So along comes a court ruling that makes photographers more anxious than they already are in this lethal time of quarantines, face masks and businesses shut down. Federal Court Judge Kimba Wood has issued a decision that has caused a large uptick in the consumption of adult beverages by photographers. Sinclair v Mashable Ziff Davis is not a favorable ruling to photographers in this unfavorable time. The good news – the sky is not falling.

This piece will attempt to provide you with at least two different views of the case in its entirety as well as with regard to key factors that “built” the case. Facts first and we don’t mind saying that distilling them into a few sentences is no small task.  Neither of us have any personal information or involvement with the case.  Ed and Jack have both read the key court papers and the Judge’s opinion.

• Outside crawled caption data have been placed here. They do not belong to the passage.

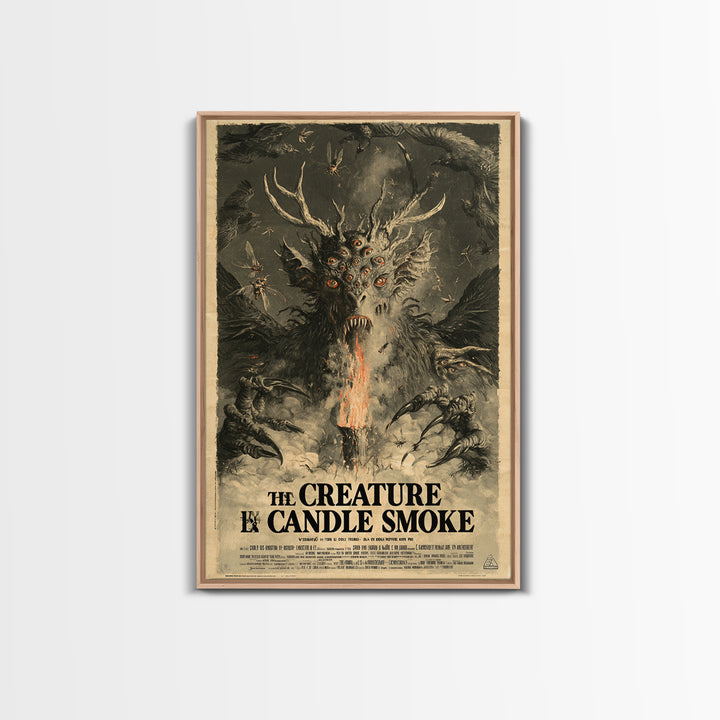 The Creature In The Candle Smoke, French Horror Film Poster, Retro Gothic Cinema Art, Vintage Halloween Wall Art, Framed Canvas Print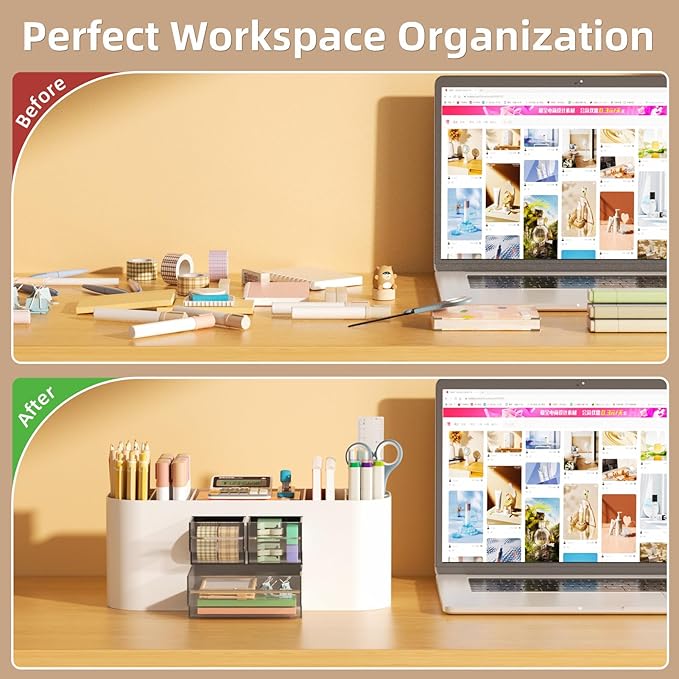 Marbrasse Desk Organizer Pen Holder for Desk with 3 Drawers, Multi-Functional Pencil Holder, Desk Organizers and Accessories with 7 Compartments for Home, School, Classroom(White)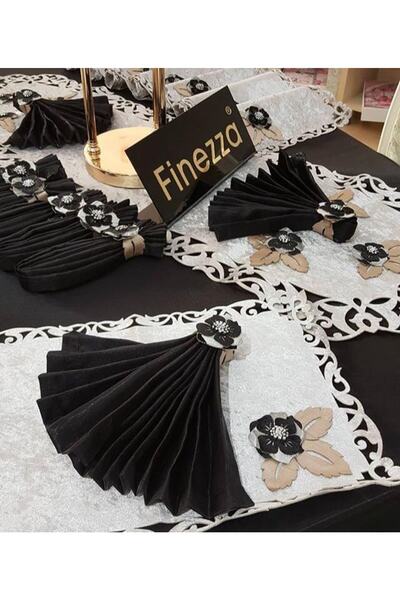 Finezza Afife Kadife Gümüş Siyah Sofra Takımı 8 Kişilik 160x230 Cm 34 Parça - 50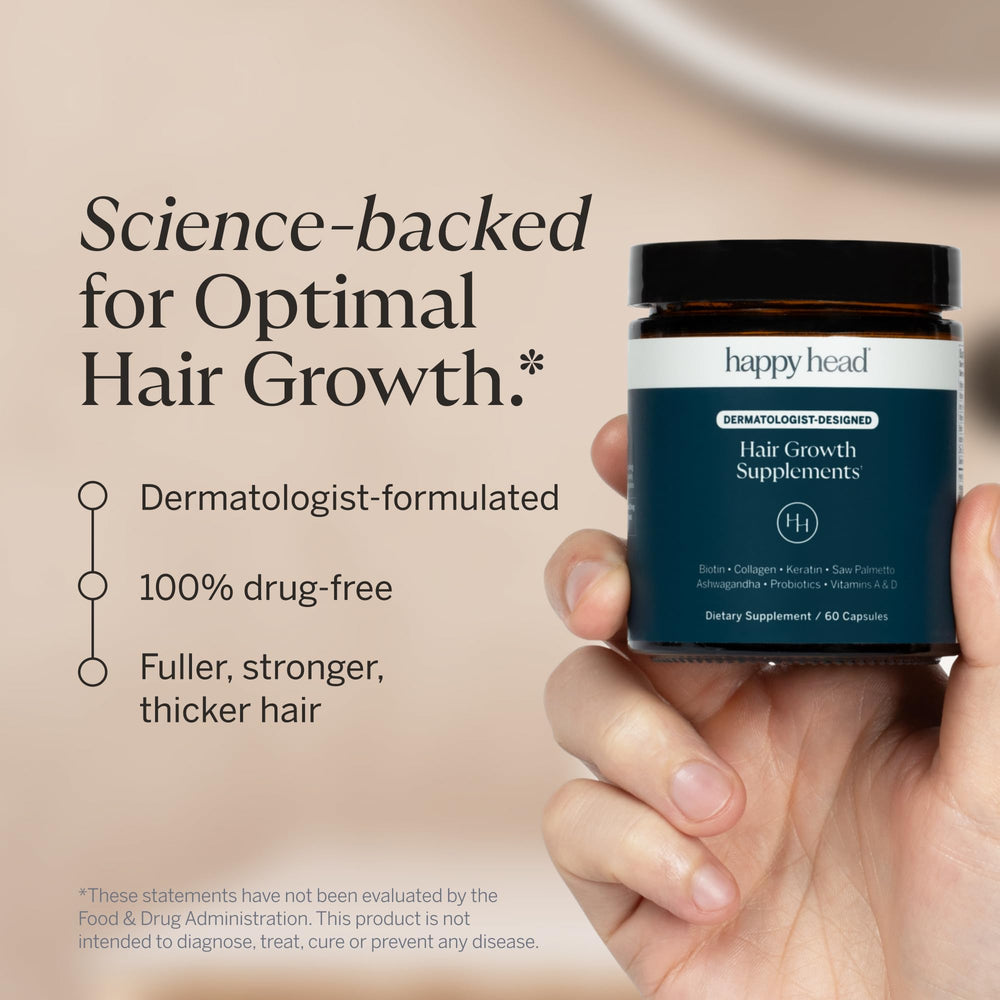 Happy Head capsules closeup ready-to-take daily hair growth vitamin.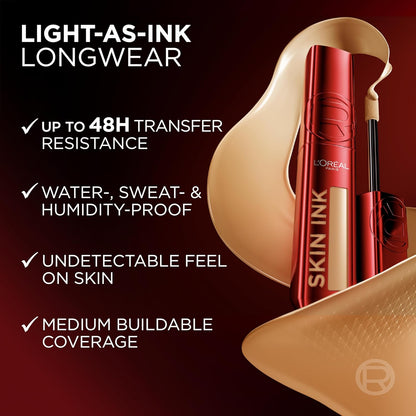 L'Oreal Paris Infallible Skin Ink 2-in-1 Foundation Concealer Hybrid Face Makeup, up to 48HR Transfer-Resistant with Medium Coverage, 430 Deep Cool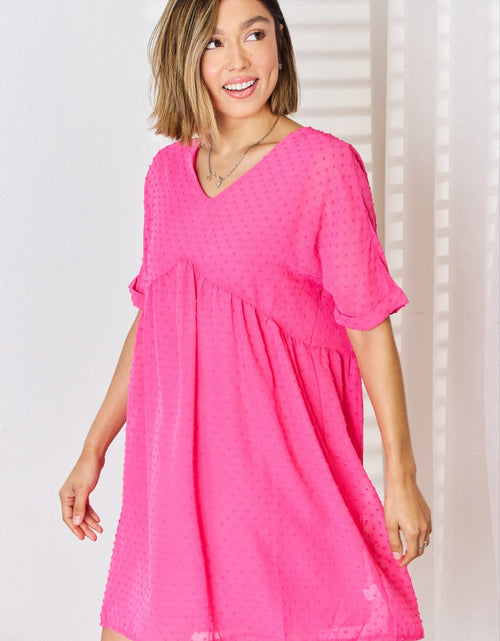 Load image into Gallery viewer, Zenana Swiss Dot Rolled Short Sleeve Babydoll Dress
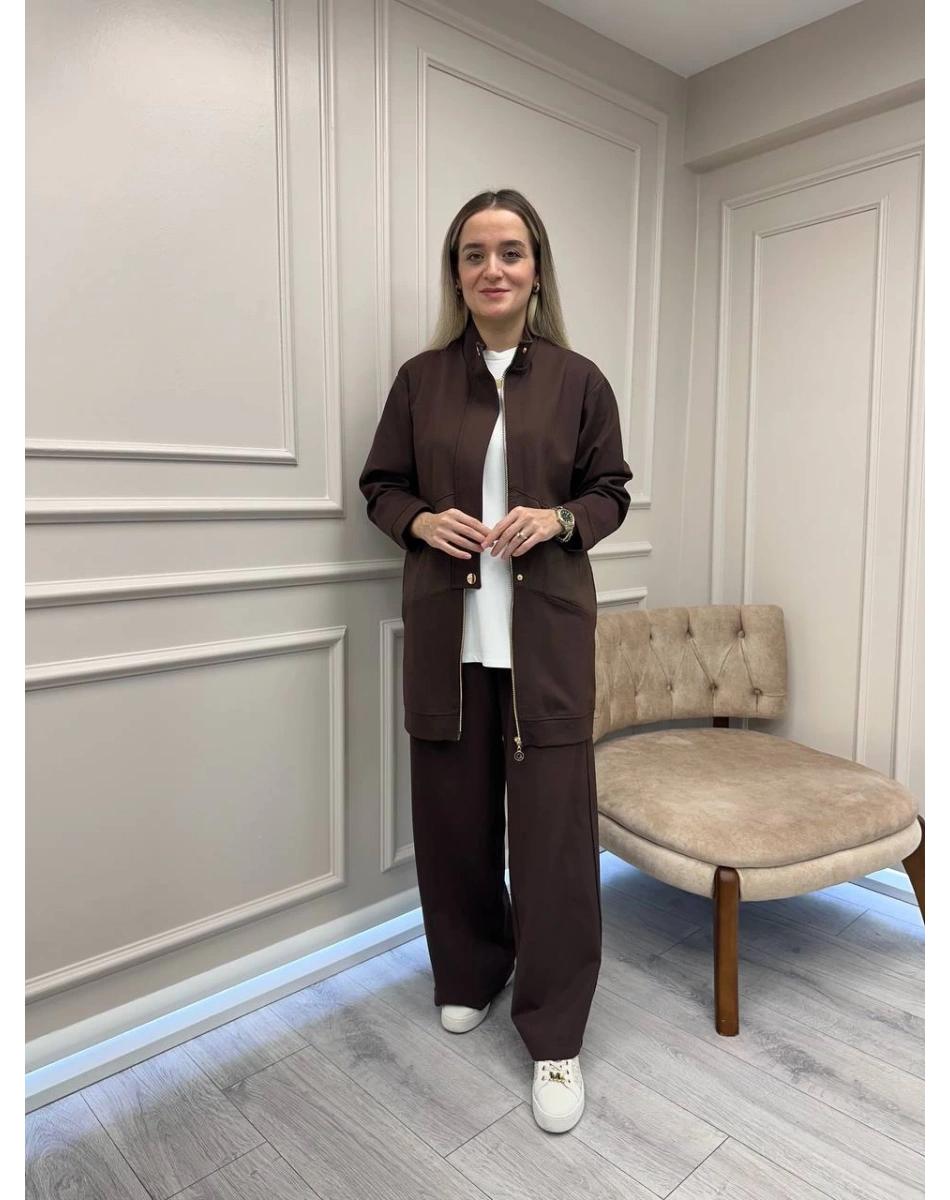 Ceremony 6921 Kahverengi Önden Fermuarlı Yarım Patlı Ceketli Takım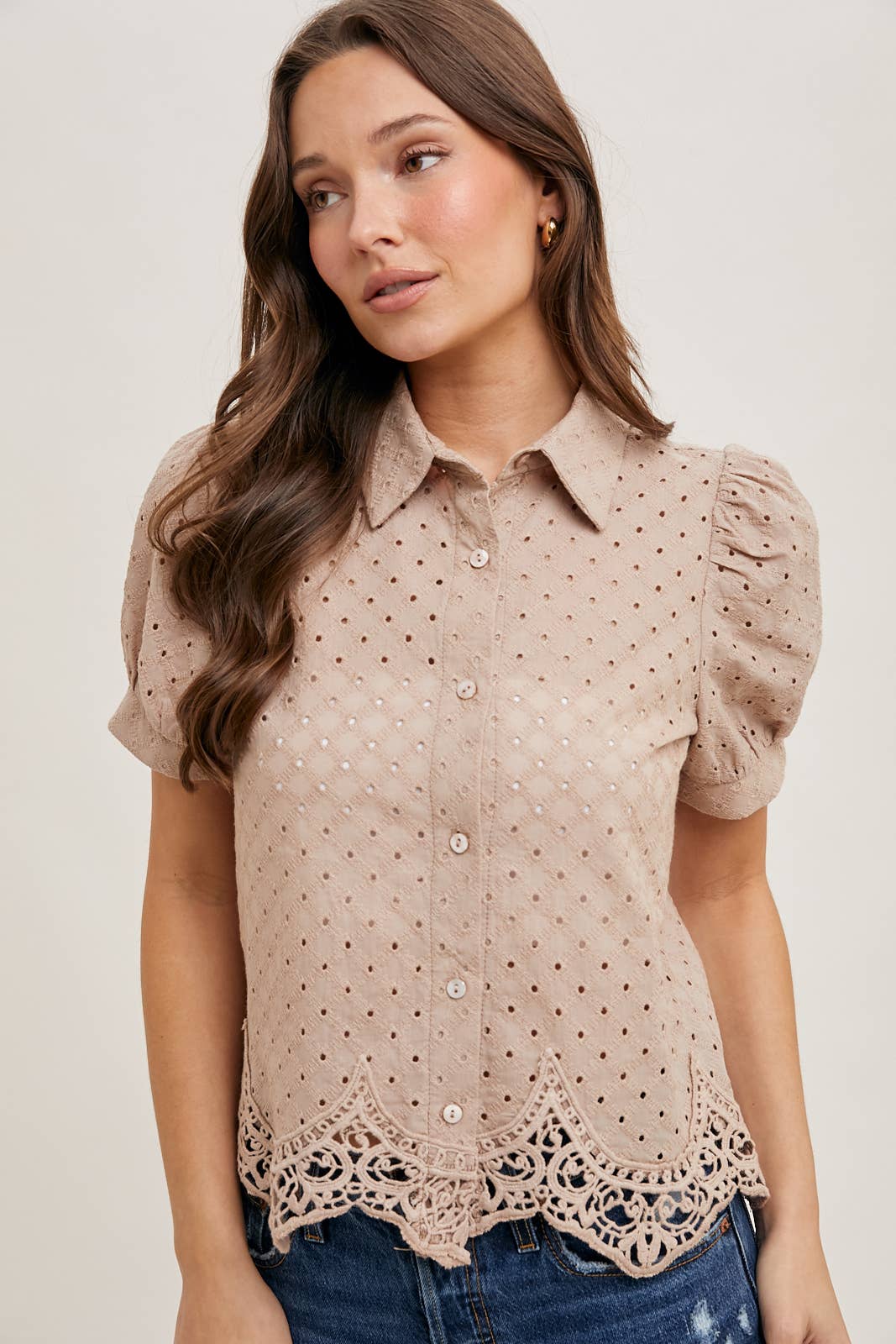 EYELET LACE TRIMMED BUBBLE SLEEVE SHIRT BLOUSE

Stephanie Sinclair is a professional photographer. She sued media companies Ziff Davis, LLC and Mashable, Inc. for willful copyright infringement. The original court complaint which contains the basic allegations was changed (amended) several times. Finally, the operative complaint alleged that Mashable sought to license an image created and copyright registered by Ms. Sinclair for a licensing fee of $50.00. She refused the offer made by Mashable and no further meaningful negotiations appear to have been had. The defendants are linked together in business in that Ziff Davis owns Mashable.

The image had been posted on Instagram (The 6,000 lb gorilla) and was embedded onto Mashable’s website by Mashable. After Sinclair denied a license or permission to use her embedded image, it (sort of) ran anyhow thanks to the agreement Ms. Sinclair had with Instagram’s Terms and Conditions when she signed up to use Instagram (as everyone is required to in order to use Instagram).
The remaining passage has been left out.